Empty stands greeted teams in the New South Wales Cup shown live on Foxsports, with Wentworthville playing the Mounties at Parramatta Stadium in round 1 and Canterbury hosting Illawarra at Leichhardt Oval in round 2.
Queenslander, Pat O’Hanlon was man of the match in Wenty’s 32-18 win over the Mounties, and the Mackay Brothers junior is destined to play more NRL with Parramatta this year.
O’Hanlon’s father, Matt is principal at Beenleigh High where his deputy is former North Sydney star and inaugural Cowboy, George Bartlett.
Redcliffe junior, Joel Romelo was one of Canterbury’s best in their win over Illawarra, although man of the match honours went to Bulldogs under-20s graduate, Lachlan Burr.
I attended the Souths Logan v Easts ISC match at Davies Park on Sunday, and the quality of football left a lot to be desired, but that was largely because of the heat.
Souths Logan put up a brave showing before Easts’ class prevailed for a 28-6 win.
It was great to see a number of Souths stalwarts at the match, among them former Queensland halfback, John Salter and former Brisbane representative halfback, Brad Sully. (Brad’s sister is media personality, Sandra Sully).

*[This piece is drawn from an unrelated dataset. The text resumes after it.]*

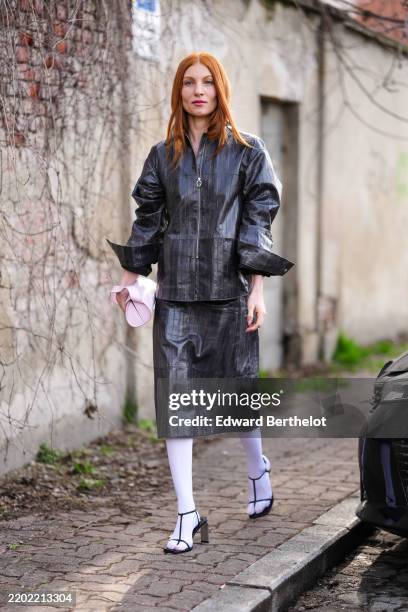 Guest wears shiny black textured oversized leather jacket, silver necklace, shiny silver textured midi skirt, white tights, black open toe heels,...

Sully also played for Easts, and had a stint in France with Racing Albi, a once famous club now doing it tough as rugby union dominates in what was once a league stronghold.
Also at Davies Park was former Easts forward, John Payne, who coached Souths Magpies for three seasons, and Lydon Cullen who played alongside Payne at Brisbane Norths in 1979 before playing for the Magpies.
Cullen’s dulcet tones can be heard over the public address system at Central Railway Station in Brisbane, with the former travel industry executive now working for Queensland Rail.
The dulcet tones of former Channel 9 commentator, Andrew Voss can now be heard on SKYSport in New Zealand.
Voss called last year’s ISC Cup grand final between Wynnum and Redcliffe and he gave the competition a mention when the cameras captured Roosters assistant coach, Paul Green on the sidelines at Auckland’s Eden Park for the Warriors – Roosters match.
Green coached Wynnum to two straight titles and now has charge of the Roosters under-20s, with the youngsters starting the season with consecutive wins.
Queenslanders, Brendan Elliott (Runaway Bay Seagulls) and Rhyse Martin (Proserpine Brahmans) scored two tries each in the Roosters’ 24-20 win over the Warriors.